Les affaires concernant les abus sexuels dans l’Église catholique ne sont pas près de se calmer. Chaque semaine révèle de nouveaux cas, de nouveaux pays touchés, de nouveaux types de personnes salies et détruites par des prêtres et des évêques indignes de leur charge pastorale.

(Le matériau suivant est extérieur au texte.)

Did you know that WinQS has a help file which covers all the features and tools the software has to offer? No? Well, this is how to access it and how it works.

Des enfants, des religieuses, des handicapés, la liste semble ne plus pouvoir s’arrêter.
On reste sans voix devant le nombre de souffrances trop longtemps tues, de vies ravagées, impossibles, avec parfois le suicide comme seule issue.
On est scandalisé par cette Église qui, acculée à la réalité de ces agissements, se retranche derrière la responsabilité individuelle de chacun et est incapable de trouver les mots ou les gestes d’un minimum d’empathie, elle qui pourtant se prétend l’unique héritière de « la » religion d’un Dieu d’amour.

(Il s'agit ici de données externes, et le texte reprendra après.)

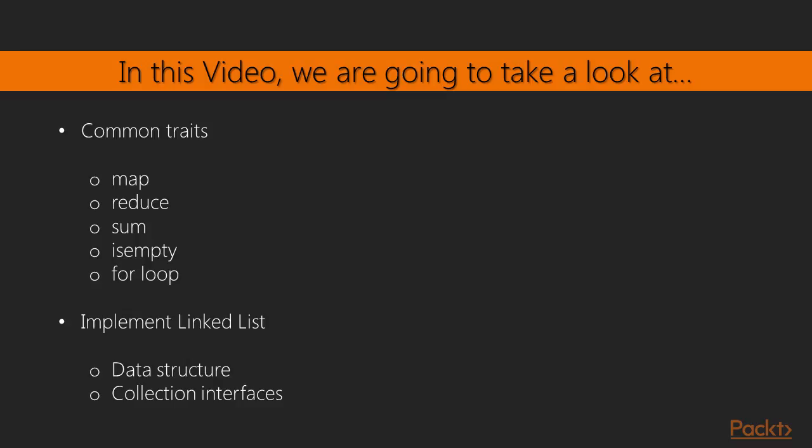And we're going to explain how that works by me implementing a linked list. And the first thing I'm going to do is look at the data structure. So how do we actually create the linked list data structure? And then the next thing would be implementing the collection interfaces that allows the linked list to actually be used as a regular Julia collection.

On voudrait comprendre pourquoi a surgi cette tornade, active depuis trop longtemps, détruisant tout sur son passage dans un silence sordide.
On voudrait tant, surtout, que tout cela ne se soit jamais passé.

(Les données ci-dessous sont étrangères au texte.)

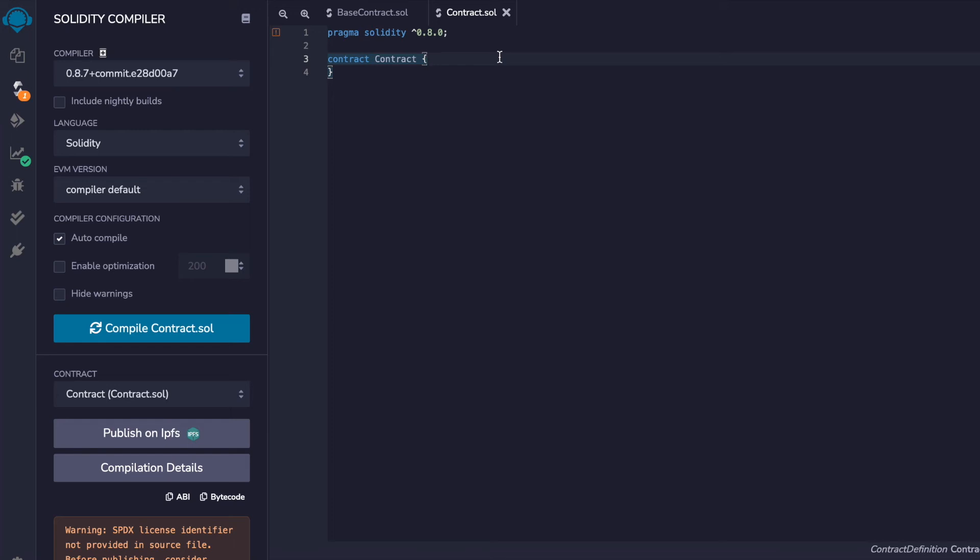You may be wondering, why am I getting the mark contract as abstract error in Solidity?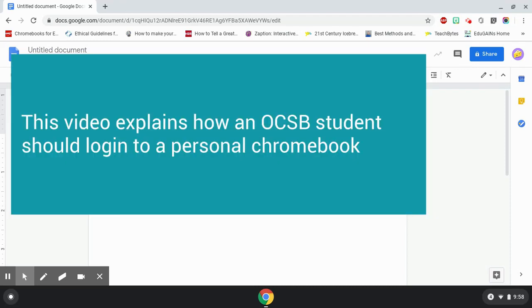This is a quick video to demonstrate how when a student signs into a Chromebook with their personal account, their OCSB student account extensions do not work.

Parce que s’il est faux de dire que nous sommes « tous responsables », ce que certains osent essayer de nous faire croire, en revanche, nous sommes toutes et tous consternés, blessés, malades de ce mal et de ces souffrances injustes. Justice doit d’abord et avant tout être faite, évidemment.
Commenter, expliquer, comprendre pourquoi et comment cela a pu se produire. Chercher, proposer, espérer que des solutions puissent être apportées et que la situation se transforme. Parce qu’il faut continuer de vivre, avec tout cela, malgré tout cela.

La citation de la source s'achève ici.